3

Compute $$\iint_D \frac{1}{(1+(x+2y)^2)^2} \,dx\,dy$$ where $D$ is given by $x \geq 0 , \, y \geq 0, \, 1 \leq x+2y \leq 2 \\$.

I am supposed to solve it with the help of contour lines. By drawing $D$ we get a trapezoid with the corners $(1,0), \, (2,0), \, (0, 1/2), \, (0,1)$. A contour line $\gamma$ to $f(x,y) = x+2y$ would be a line segment with end points $(\lambda, \frac{\lambda}{2})$. Consider the area of a trapezoid bounded by the line segment and the line segment with corners $(0, \frac{1}{2}), \, (1,0)$: $$ A(\lambda) = \frac{1}{2}(\sqrt{(1/2)^2+1}+\sqrt{\lambda + (\lambda /2)^2)})\sqrt{(\lambda-1)^2+(\lambda/2-1/2)^2} = \frac{1}{2} \sqrt{5/4} (\lambda +1)(\lambda -1)\sqrt{5/4}=\frac{5}{8} (\lambda^2-1) $$ where, on the right side of the first equality, we are taking the mean of the sides of the trapezoid times the height.

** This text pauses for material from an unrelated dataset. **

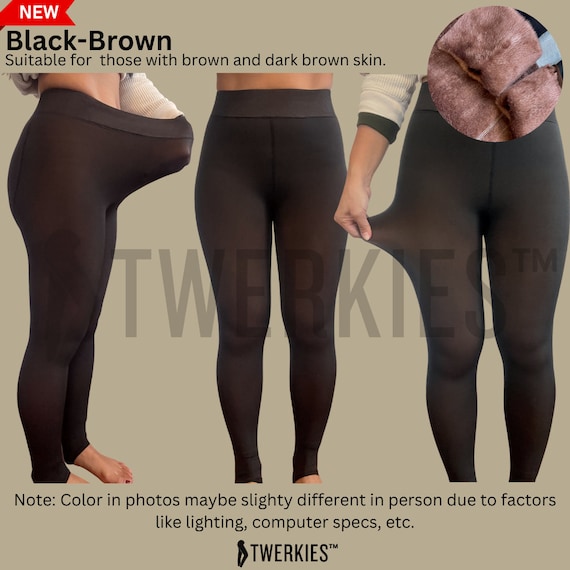 Fleece-lined Fake Translucent Winter Faux Sheer Thermal Leggings Tights for  White Brown and Black Women Fake Sheer Tights for Black Women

The derivative is $A'(\lambda) = \frac{5}{4}\lambda$. The double integral can be computed as a single integral: $$\int_{\lambda=1}^{\lambda=2} \frac{1}{(1+\lambda^2)^2} \frac{5}{4} \lambda \, d \lambda =\cdots=3/16$$ This answer is wrong. The answer sheet says it is $3/40$. What have I done wrong?

Lozansky
  • 1,035

1 Answers1

1

The height of the trapezoid is incorrect. Consider the line $y=2x$ which is perpendicular to the contour lines. This line intersects the contour $f(x,y) = \lambda$ at $\left(\frac{\lambda}{5} , \frac{2\lambda}{5}\right)$. So, the height is given by $$\sqrt{\left(\frac{\lambda}{5} - \frac{1}{5}\right)^2 + \left( \frac{2\lambda}{5} - \frac{2}{5}\right)^2} = \frac{1}{\sqrt{5}} (\lambda - 1).$$ Using this instead gives $A(\lambda) = \frac{1}{4} \left(\lambda^2-1\right)$ and so $A'(\lambda) = \frac{\lambda}{2}$. Hence, $$\int_{1}^{2} \frac{1}{\left(1+\lambda^2\right)^2} \frac{\lambda}{2} \: d \lambda = \frac{3}{40}.$$